France unveils €18.6bn plan for major cuts to save its AAA rating
France unveiled tax increases and spending cuts amounting to €18.6bn for next year and 2013 to defend its triple-A rating as growth slows and Europe's debt crisis deepens.
The country will increase some levies on large companies, push up the lower end of its range of value-added taxes and curb welfare spending, Prime Minister Francois Fillon said yesterday.
"French people must roll up their sleeves," Mr Fillon said. "We have one goal: to protect the French people from the severe difficulties faced by some European countries."
The austerity plan is the second announced by President Nicolas Sarkozy's government since August, when €11bn of budget tightening for next year was set out.

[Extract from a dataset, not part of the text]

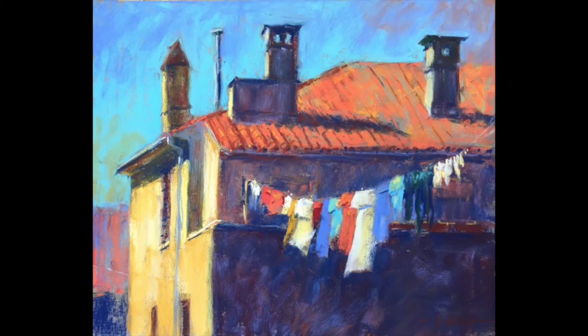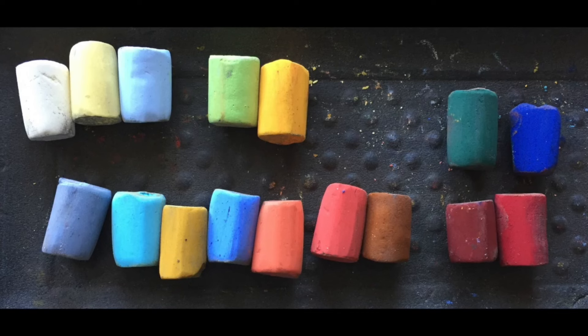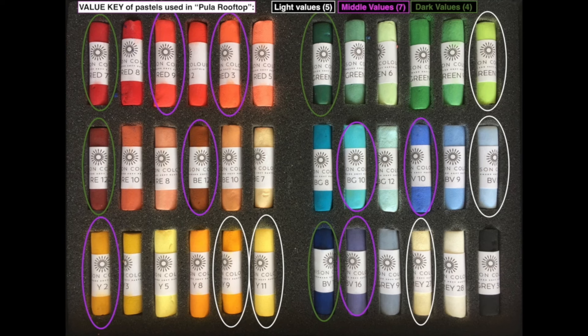And there it is — the final painting: Pula Rooftop. It's done with Unison pastels on Pastel Premier paper, size 10 by 12. In black and white you can see I pretty much stuck to my value pattern — light on the wall and the laundry, middle value on the roof and sky (the sky got a little light but still reads darker than the wall and laundry), and then the darks on the shadow side of the wall and chimneys. Here are the pastels I used, arranged in light, middle, and dark. Thank you so much for coming on this art journey with me.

The latest round of measures were unveiled about six months before France's presidential elections.
"The first significant moves to present a leaner budget illustrate that real austerity is beginning in France," said Pierre-Olivier Beffy, an Exane BNP Paribas economist in Paris.
The plan for a second round of budget cuts was flagged by Mr Sarkozy in a televised address to the nation on October 27. France has cut its growth forecast to about 1pc next year from the 1.75pc it previously predicted, hurting tax receipts.

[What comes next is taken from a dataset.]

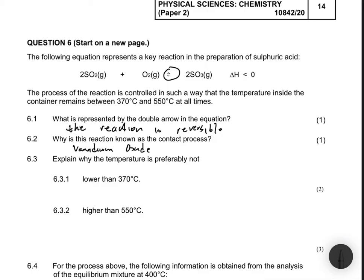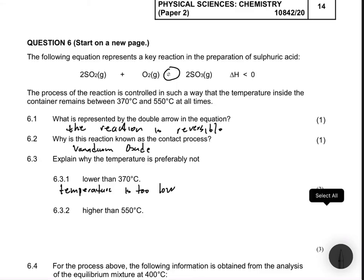Question 6.3.1 asks: explain why the temperature is preferably not lower than 370 degrees Celsius. We need the temperature to be at least greater than 370 degrees because if the temperature is too low, the yield from the reaction will not be enough. To increase the reaction rate we need to increase the temperature so that our yield can go up.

The government forecasts 2pc growth in 2013.
France wants to shrink its deficit to 3pc of GDP in 2013 and is aiming for a balanced budget in 2016.
The government expects the plan unveiled yesterday to trim the budget deficit by €7bn this year and €11.6bn in 2013.
The value-added tax increase will raise €1.8bn next year and the same amount in 2013. Scrapping indexation of income and wealth taxes will bring in €1.7bn in 2012 and €3.4bn the following year.
Firms with revenue of over €250m will pay an additional level equal to 5pc of their assessed tax, just for the fiscal years 2011 and 2012 -- a measure that will raise €1.1bn in each of the two years.
"All our citizens are asked to face the demands of this plan," Mr Fillon said.